又下雪了,清晨走在学校里,看到学生和老师们在扫雪,我不禁又想起了耿叔和耿婶,想起了那个雪夜。

耿叔和耿婶是同事的父母,那年他们在学校传达室工作。他们非常朴实,对人也很热情,加之是老乡,所以我们交往比较多。

那天晚上雪整整下了一夜,地面的积雪有差不多十厘米厚了。清晨我早早地来到了学校,发现学校里的雪地上多了两条小路,一条有一米多宽,老师和同学们都在上面走,另外一条只有半米宽,没有人在上面走。耿叔一直在旁边提醒大家:“别走那个小窄的,太滑!”。终于明白了,那个窄的是学校地面的装饰线,与其他地方不同,那里的地砖非常光滑。耿叔真是心细,不仅扫出了通道让大家走,还把这些危险的地方也扫出来提醒大家不要走。大家都表达着谢意和感激,耿叔只是憨憨地说:“人老了,觉少,醒得早就顺便扫扫。”

后来耿叔他们回老家了,我们见面也就少了,每当看到这雪我都会想起他们。耿叔,老家也下雪了吗?你在老家还好吗?

关于下雪的散文2:怀念儿时下雪天

文/杨少华

儿时的记忆里,下雪大多是在夜晚,是在我们睡梦中进行的。
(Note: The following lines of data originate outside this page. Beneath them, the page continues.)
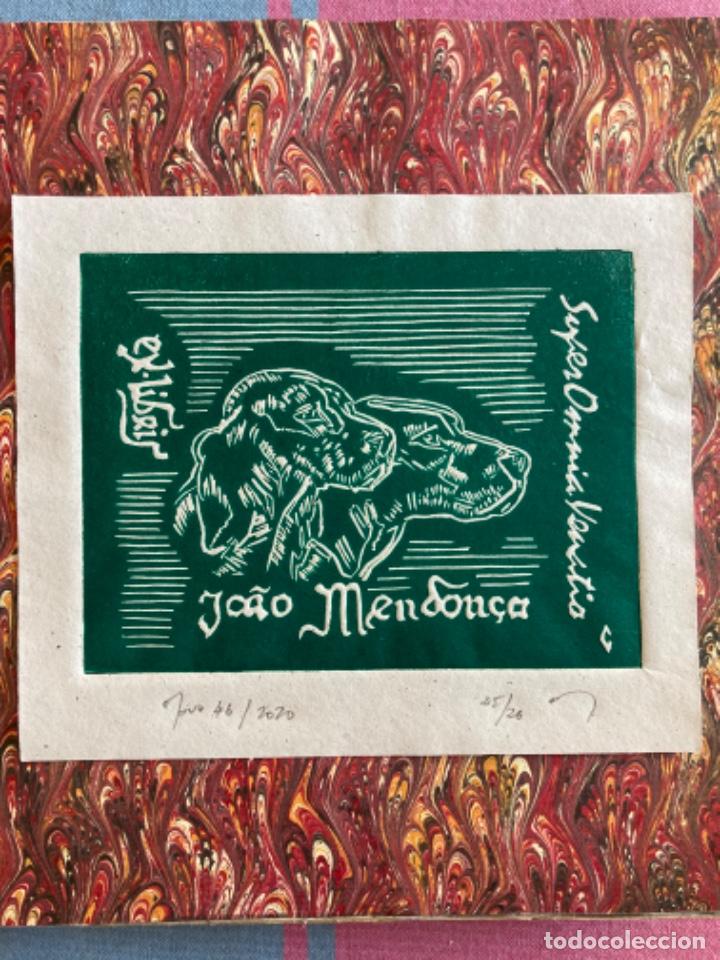 Arte: Ex-Libris Grabado Caza - Foto 1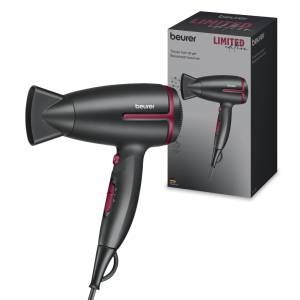 Beurer Limited Edition 1600w Travel Hair Dryer Hc 25 Le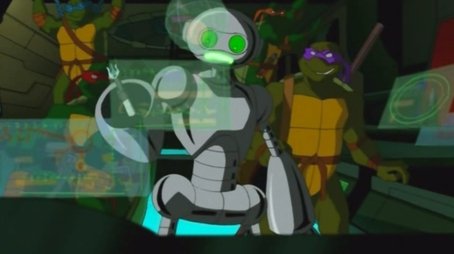 Turtles in Space (1): The Fugitoid (2003) - Episode 1 poster and promotional image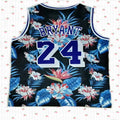 Men's Los Angeles Lakers Kobe Bryant #24 Mitchell & Ness 1996-97 Hardwood Classics Retro Swingman Jersey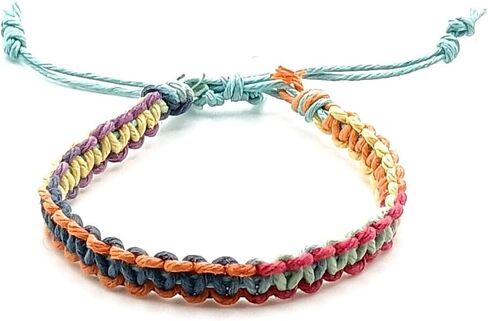 Hemp Bracelet Multicolor in Kuwait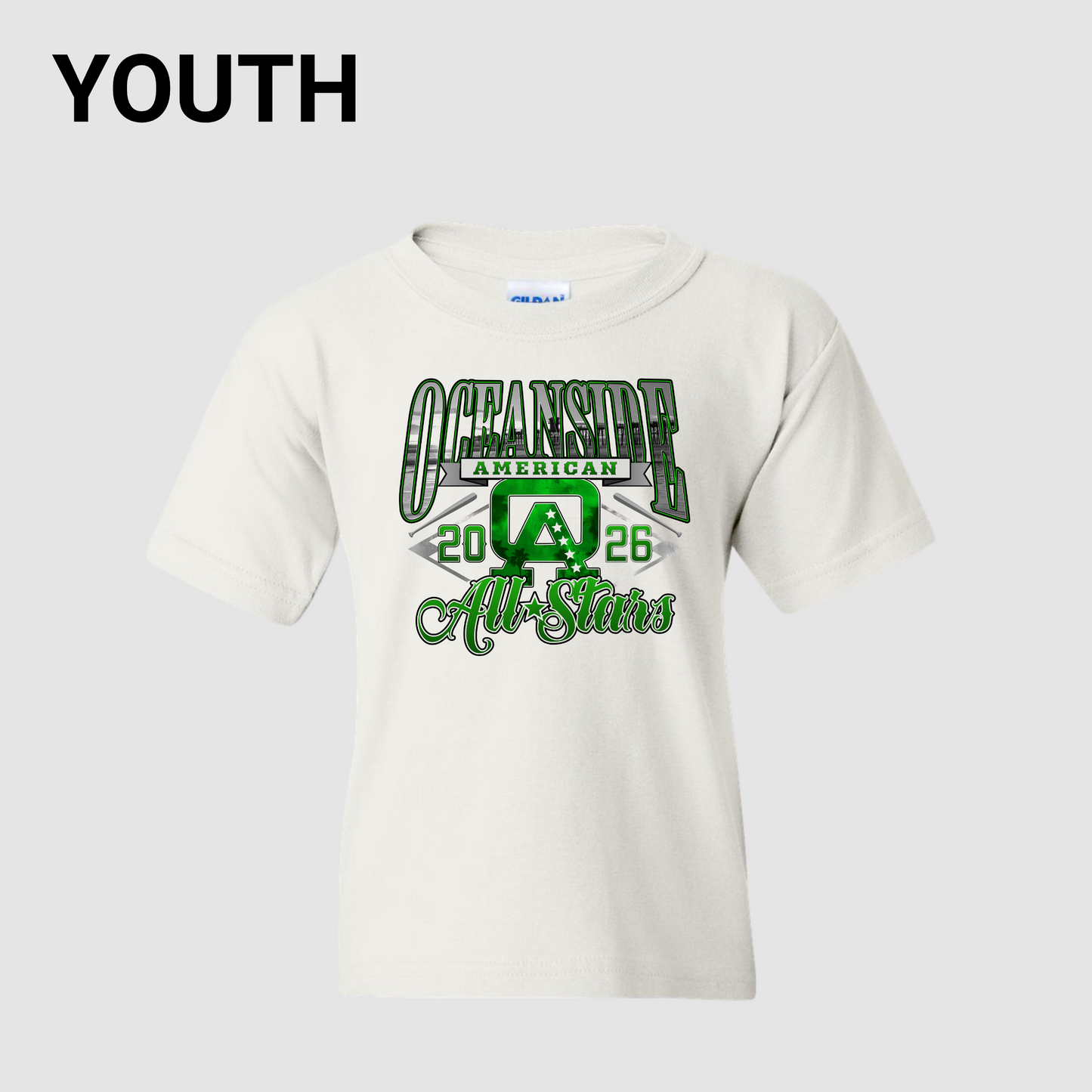 YOUTH OALL 2026ALL-STARS Tee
兄弟姐妹中只要是谁先起床看到下雪了,一定会跑进房间大声告诉我们每个人。那个兴奋哟,容不得还窝在床上的其他人有半点懈怠,必须立即穿衣起床。要是下得大,眼前的房屋、庭院、菜园、草垛……所有的一切都覆盖了一层厚厚的积雪。远望,整个田野是一片雪白,所有的庄稼地都在棉被一样的大雪中睡着了。这样的下雪天,大人们会窝在家里烤火,聊家常。我们就闲不住了,呼朋引伴地聚集到一起,堆雪人、打雪仗、在雪地里打滚,累了坐在雪地里休息一会儿,渴了随手抓一把雪塞进口里,“咯吱咯吱”嚼得津津有味。等到母亲唤儿回家吃饭的声音在村庄回荡时,我们一个个厚厚的棉衣上已是泥水一身。回到家肯定是免不了被责骂的,但责骂又能怎样呢?换件干净衣服,吃过饭,继续在雪地里疯玩。好在积雪厚,虽然免不了弄脏衣服,但绝不会摔痛手脚。厚厚的白雪是我们的朋友,任我们在它的怀抱里撒野。

家乡的雪,对大人来说,是希望,是丰收。“瑞雪兆丰年”说的就是这个意思。所以每当冬腊月下大雪时,父亲和母亲脸上的笑容就会更加灿烂。用父亲的话说:雪下得大,地底下的害虫就会被冻死,来年的庄稼就少受病虫的侵害,到时一定会有一个好收成。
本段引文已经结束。